Print, please, exactly the lines from the one with "Serenity white (wit" through the final line of the data below, with both ends included and the pictures left out.

═════ EXCERPTED RECORDS

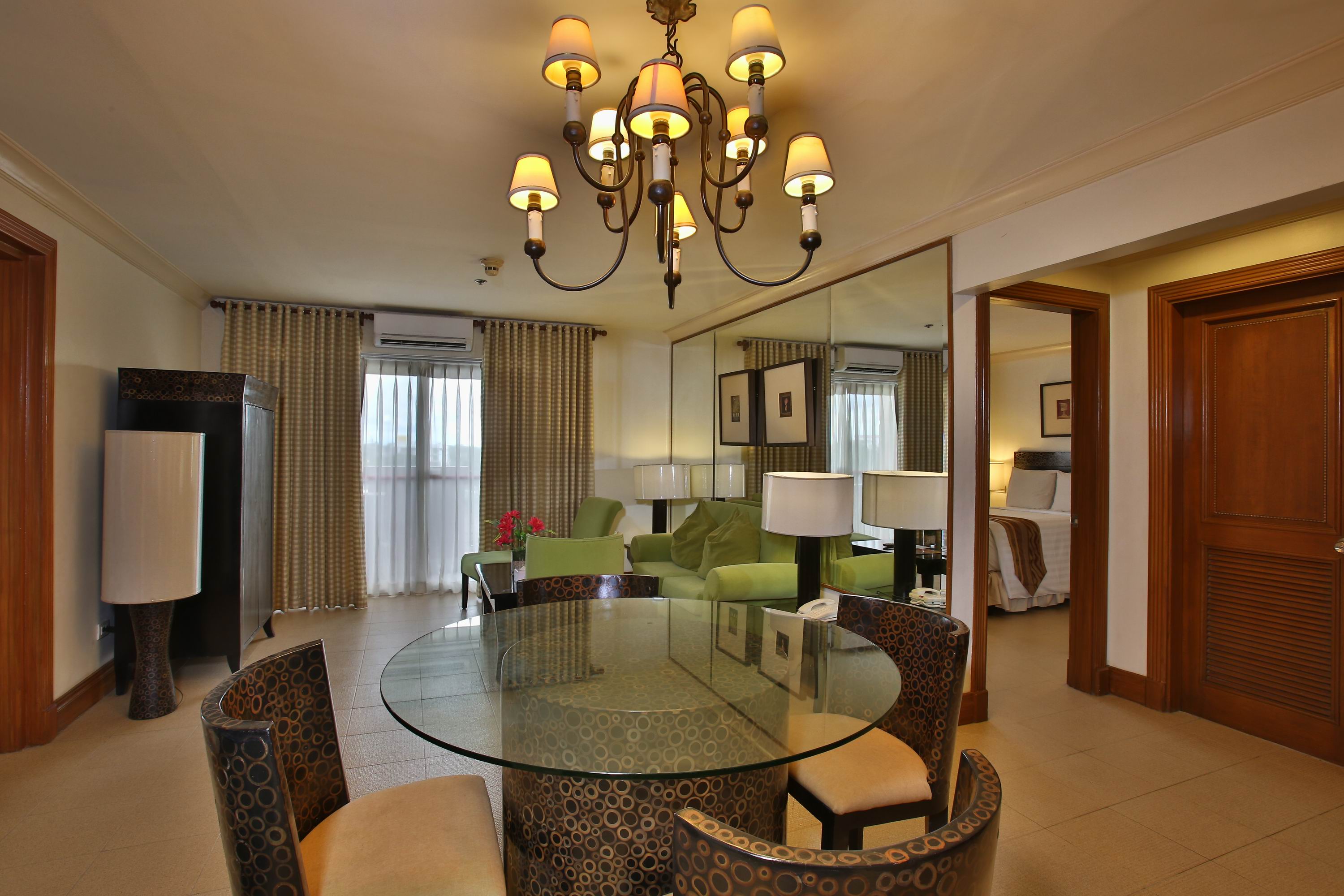 Crown Regency Suites & Residences Mactan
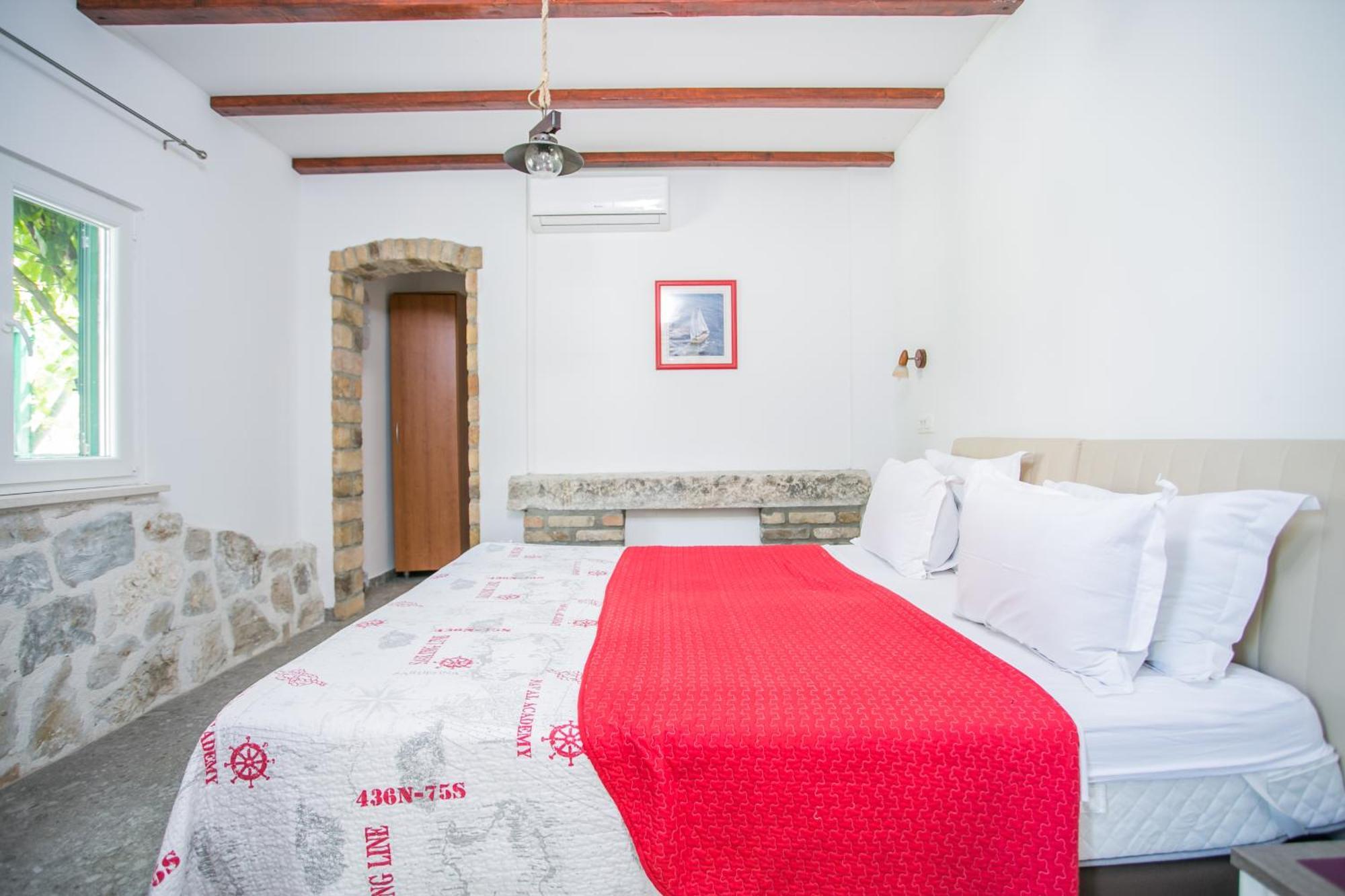 Garden Apartment Hotel Split Room photo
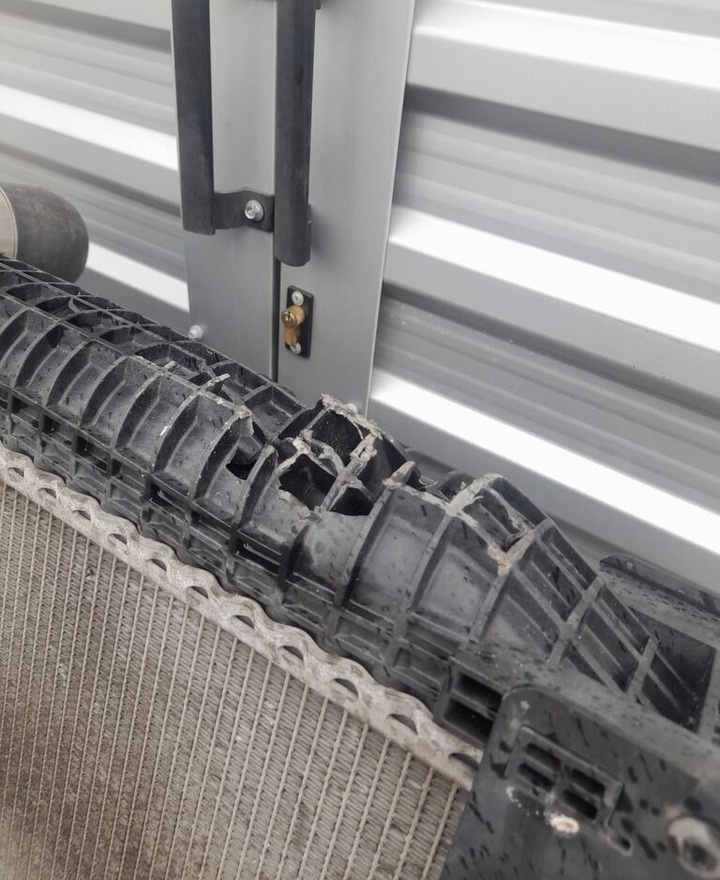 Mercedes-Benz ACTROS MP4 A9605000801 Mercedes-Benz truck - Radiators - Kravas automašīna: foto 4 Mercedes-Benz ACTROS MP4 A9605000801 Mercedes-Benz truck - Radiators - Kravas automašīna: foto 4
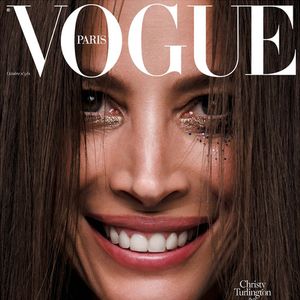 Christy Turlington photographiée par Inez et Vinoodh en couverture du magazine Vogue Paris. Numéro d'octobre 2015.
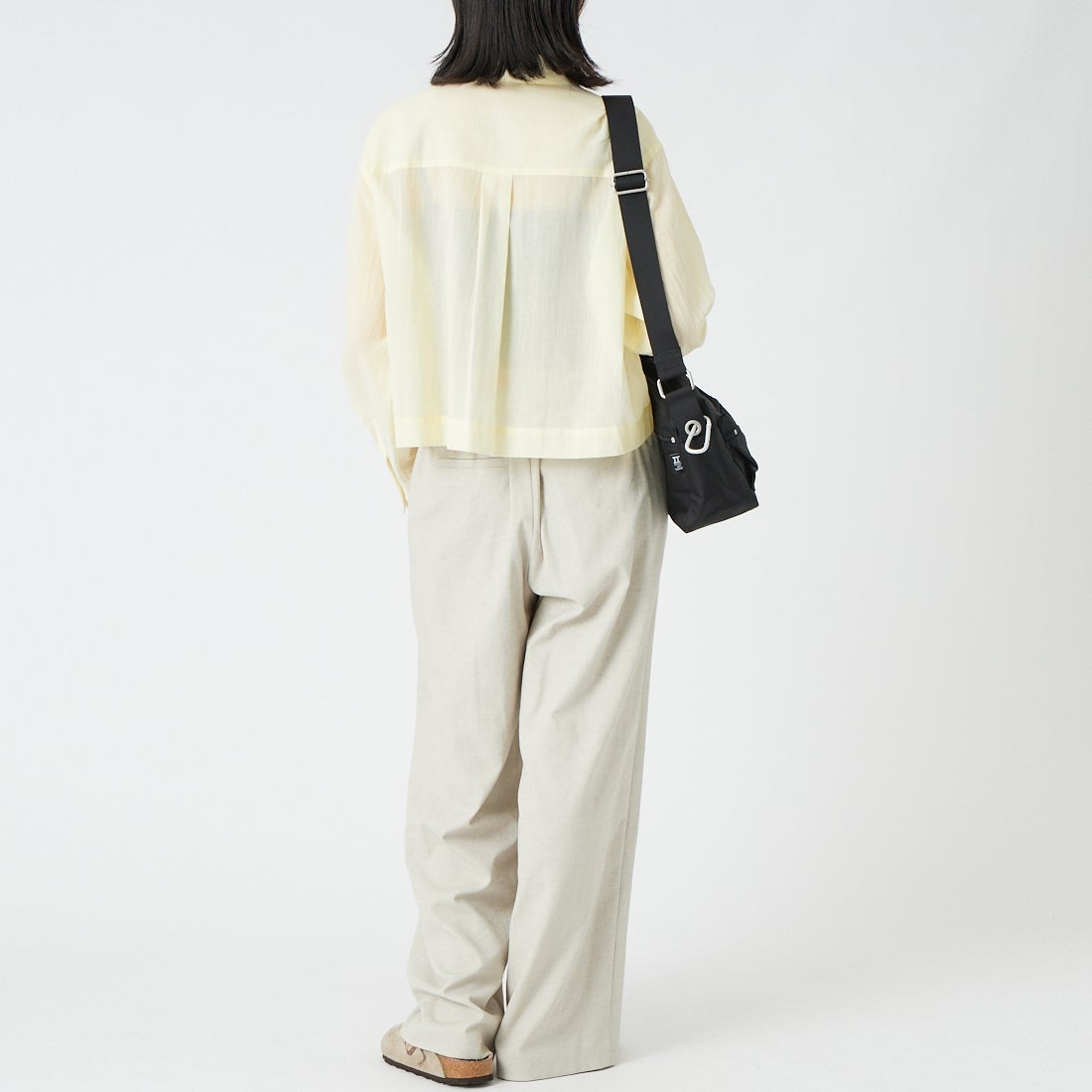 USINE [ユジーヌ] シアー短丈シャツ [IN11-SH-6] KINARI &&モデル身長：162cm 着用サイズ：F&&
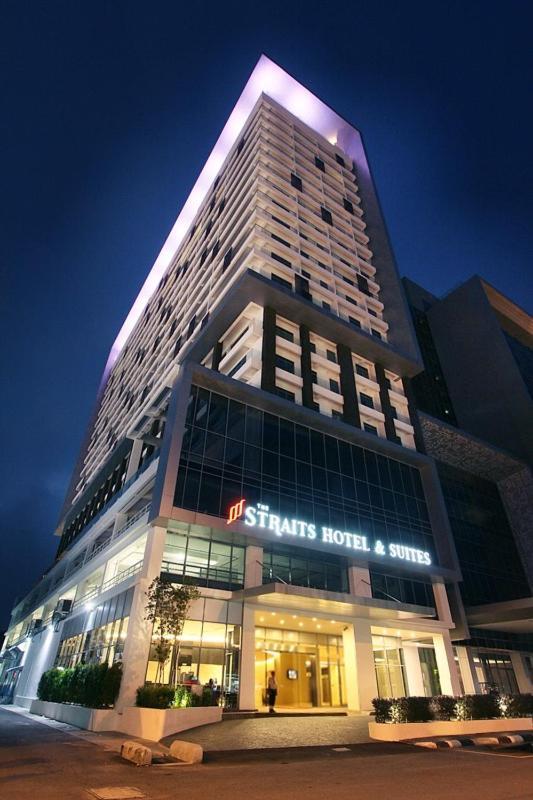 The Straits Suites By Ciconia Malacca Buitenkant foto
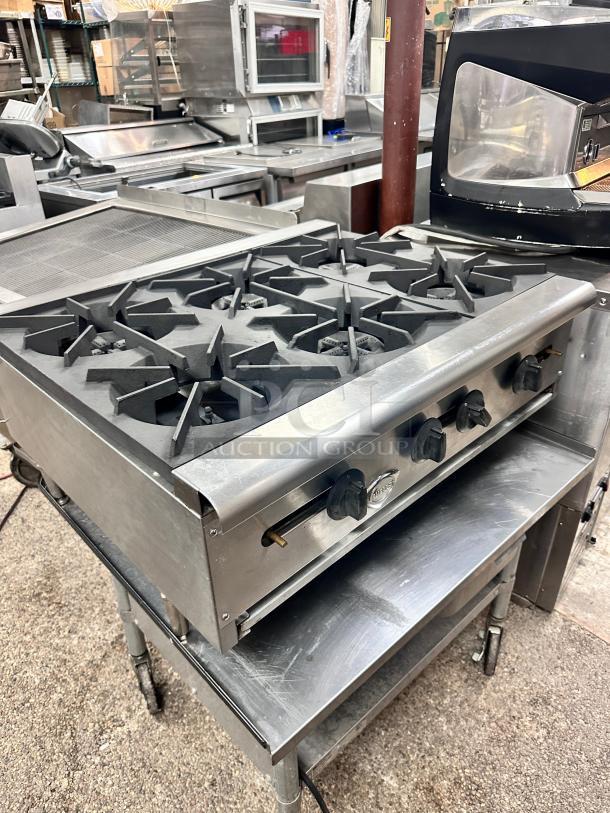 Nice Wells 36" 6 Burner Hot Plate Gas Tested and Working! - Image 3 of 6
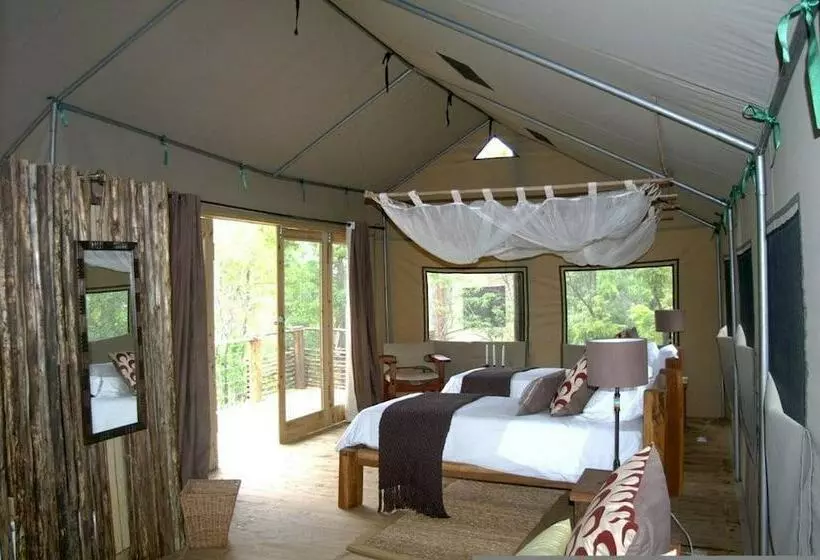 Hotel Miombo Safari Camp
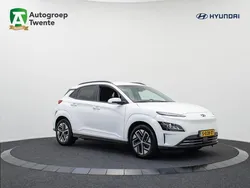 Serenity white (wit metallic) Gebruikt 2023 Hyundai Kona SUV | € 28.950 (Iets duurder)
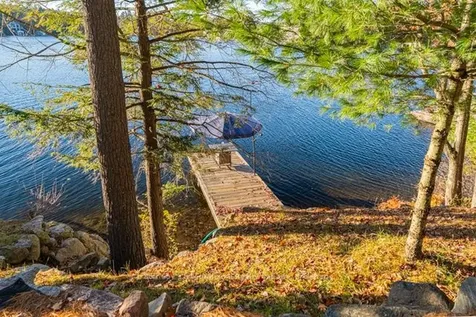 1028 Oak Street Muskoka Lakes ON P0B 1J0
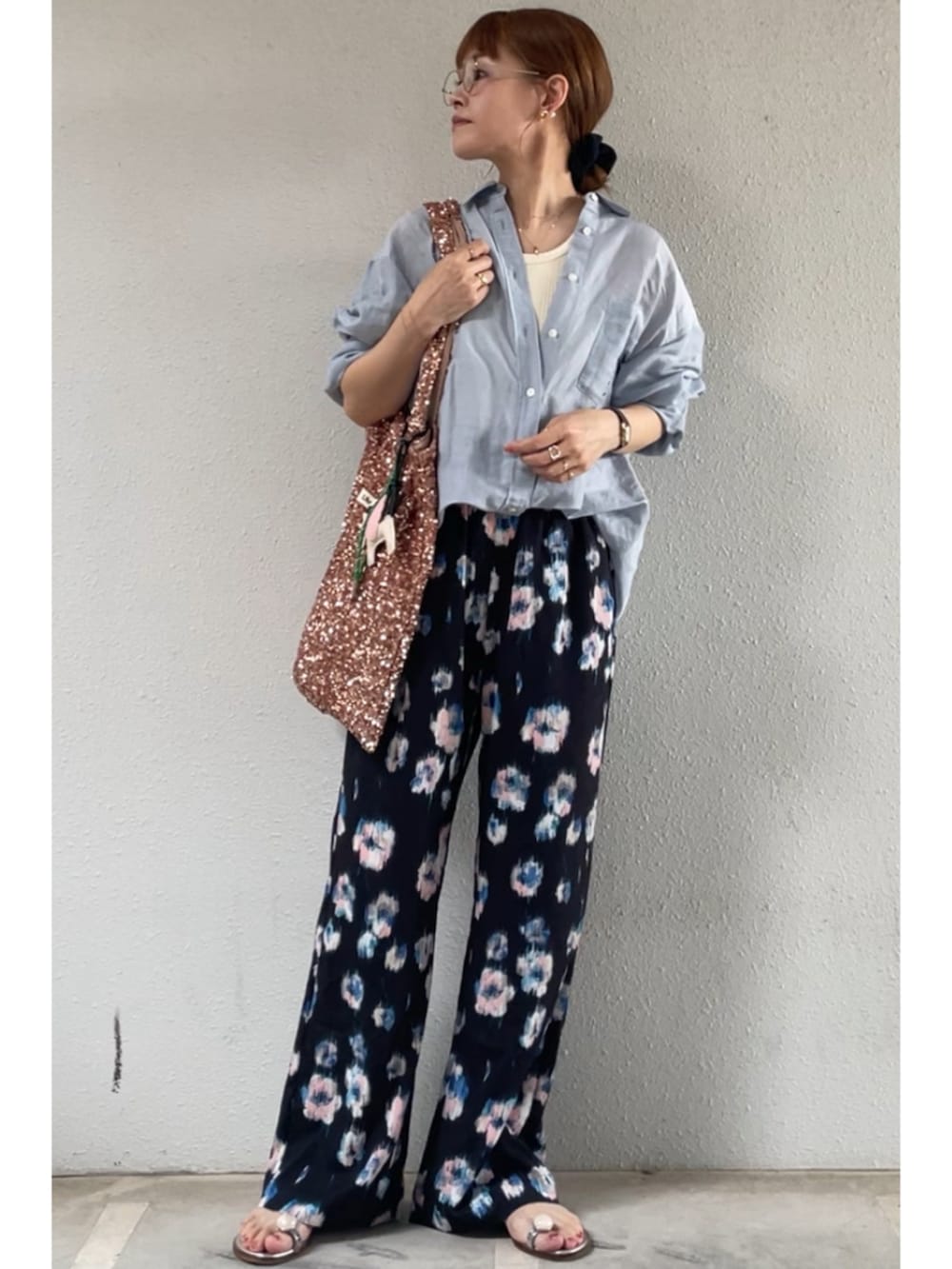 ブルー系のシャツ/ブラウス、ブラック系のその他パンツ、ピンク系のトートバッグを着用したレディースの夏コーディネートの2枚目の写真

══════════

* TASK RESULT:
 Serenity white (wit metallic) Gebruikt 2023 Hyundai Kona SUV | € 28.950 (Iets duurder)
 1028 Oak Street Muskoka Lakes ON P0B 1J0
 ブルー系のシャツ/ブラウス、ブラック系のその他パンツ、ピンク系のトートバッグを着用したレディースの夏コーディネートの2枚目の写真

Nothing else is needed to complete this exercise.